Speaker, it’s an important act to modernize. We know there’s a shortage of veterinary services in the province of Ontario, and this act takes an important step of addressing that shortage, partly by modernizing the regulatory framework for veterinarians, but most importantly, modernizing the regulatory framework for registered veterinary technicians. I think it’s important to expand the scope of practice for vet technicians to better enable them to relieve the burden on veterinarians and to offer more team-based veterinary care in the province of Ontario. I’ve been a big advocate for team-based care for people, and we certainly need team-based care for animals as well, and this act takes an important step to helping us achieve that.

I want to take a few moments to talk about some ways that I believe we need to address the shortage of veterinarians in the province of Ontario. Right now, we’re not even graduating enough veterinarians to cover the number of veterinarians that are retiring. And the government made some important steps to address this problem by expanding the number of veterinary placements through a partnership between the University of Guelph and Lakehead University, increasing the number of vets by 20 each and every year over the next number of years. This is an important step in the right direction, especially when we live in a world where it’s harder to get into vet school than it is to get into med school—

But we are lucky in the province of Ontario that, at the University of Guelph, we have the number one ranked veterinary school in Canada, the number three ranked veterinary school in all of North America and one of the top 10 veterinary schools in the entire world. We have the capacity in this province to address the shortage of veterinarians in Ontario with a high-class university like the University of Guelph.

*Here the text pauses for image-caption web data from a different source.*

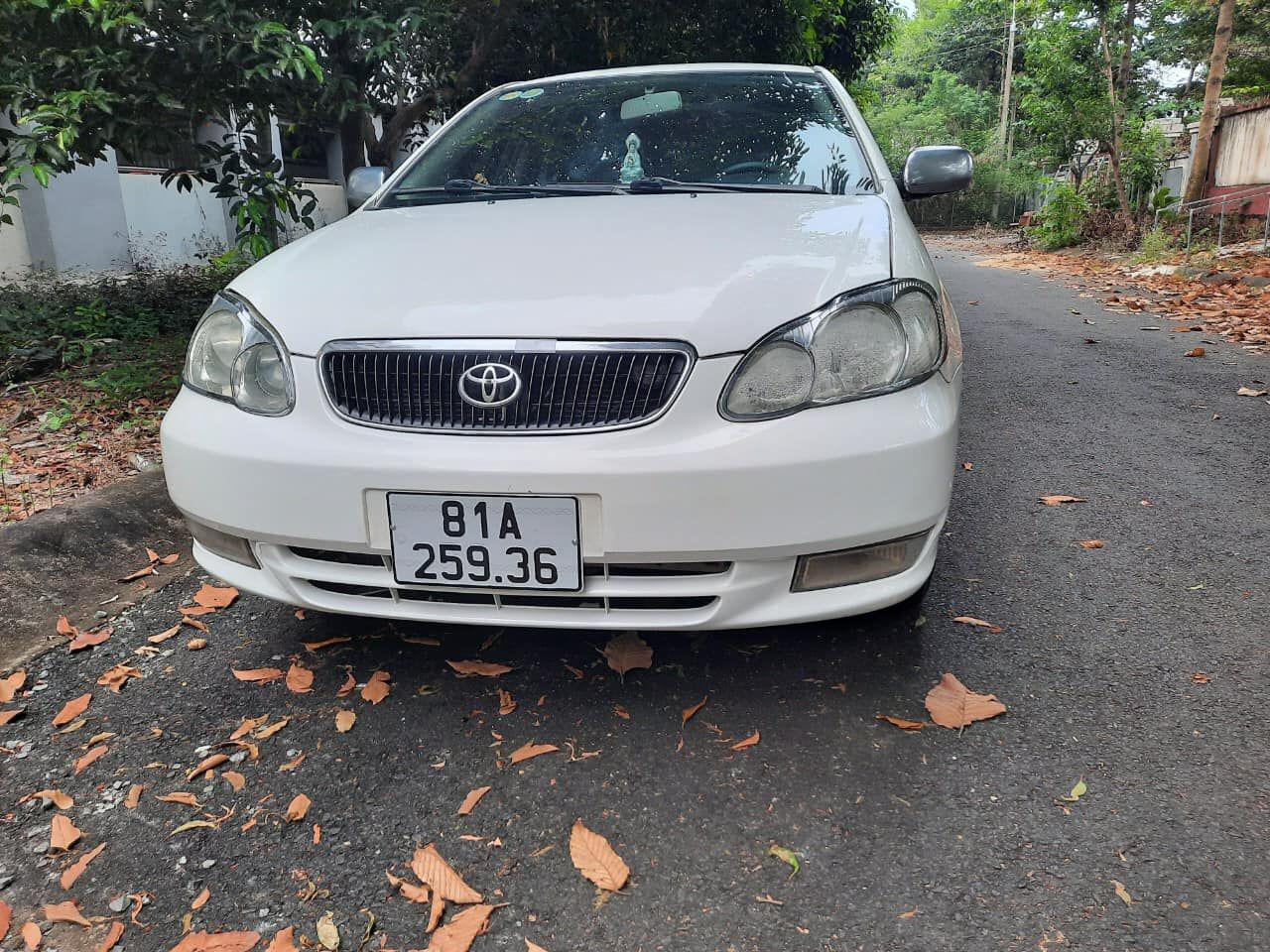 Toyota Corolla 2002 - Bán Toyota Corolla đời 2002, màu trắng, 175tr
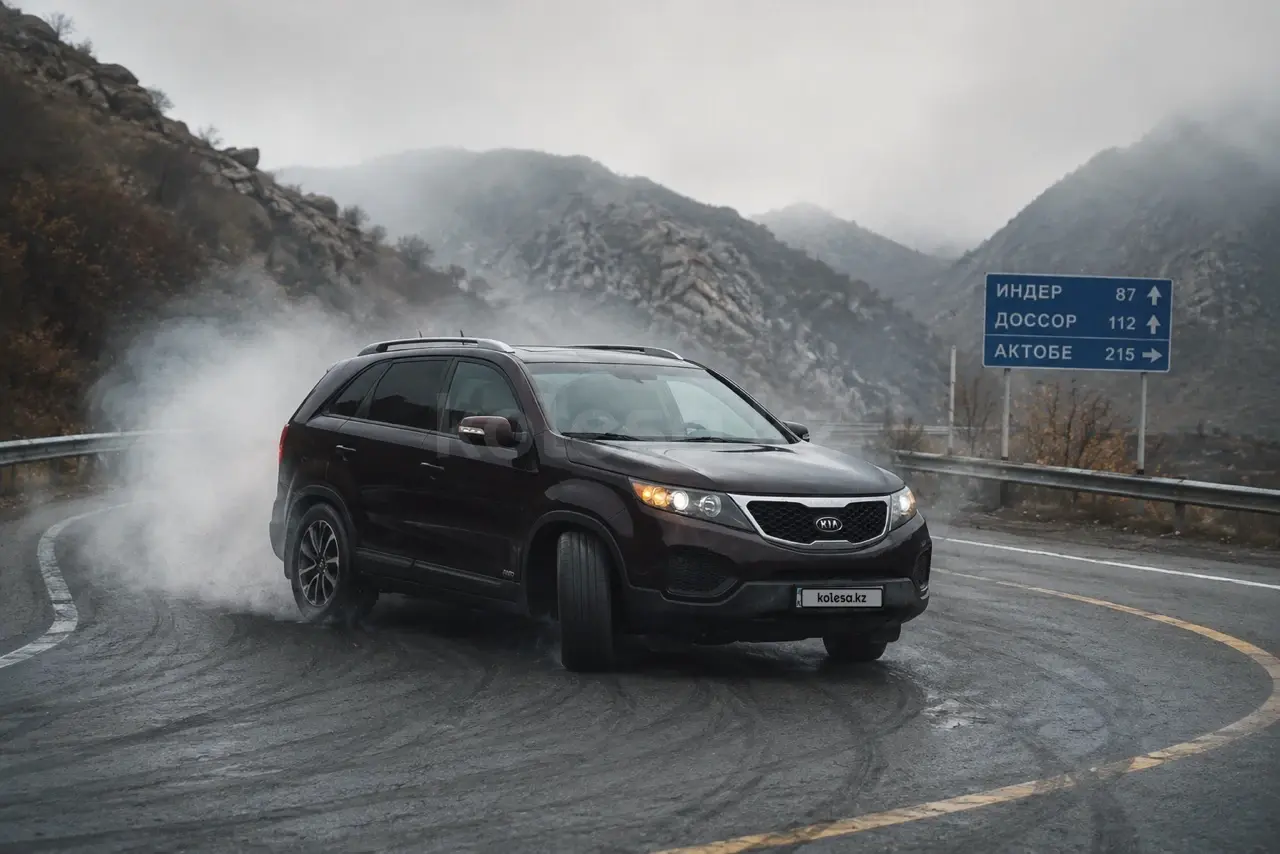 Kia Sorento, 2010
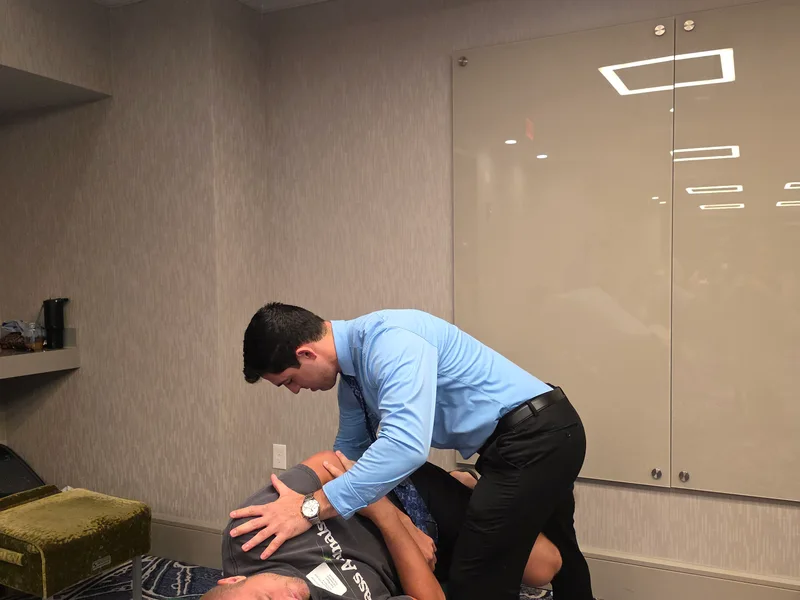 Chiropractic care for adrenal balance at Camel City Chiropractic in Winston-Salem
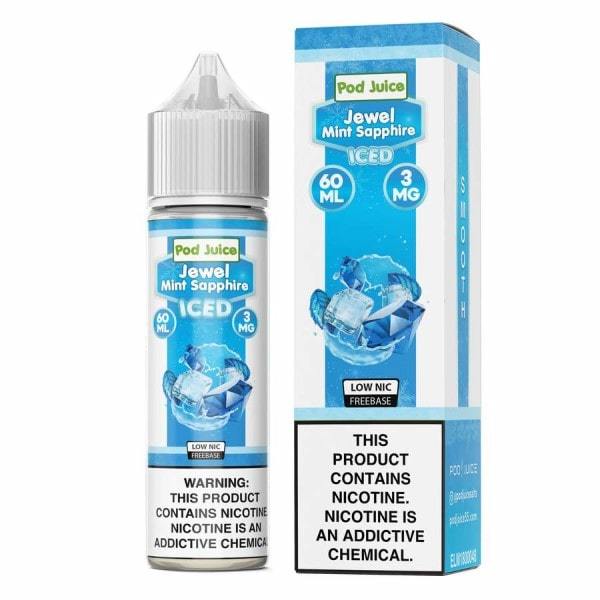 Pod Juice - 60mL Free Base Nicotine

And so, I’m going to make a quick comment to my friends on the other side of the aisle. We’ve made important steps in helping the University of Guelph expand veterinary services. I’m going to ask you to even do more. Let’s provide even more funding to the Ontario Veterinary College at the University of Guelph so we can expand the number of veterinary placements there so we can continue to graduate veterinarians to serve the people of this province and ensure that our animals are well cared for. I’m happy to work across all party lines to help make that happen, Speaker.

We know there’s a shortage of veterinarians in Ontario, and this is an important step in addressing it, like I’ve said. We can go even further by supporting the University of Guelph and expanding the number of places at the OVC.

So I’m always happy to read petitions supporting especially the Ontario Veterinary College at the University of Guelph and will continue to say to members of all political stripes in this Legislature that I am ready, willing and able to work with you to expand the number of veterinarian placements at the OVC, because we have a shortage of veterinarians in the province of Ontario and we have the top-ranked university in the province willing to fill that shortage.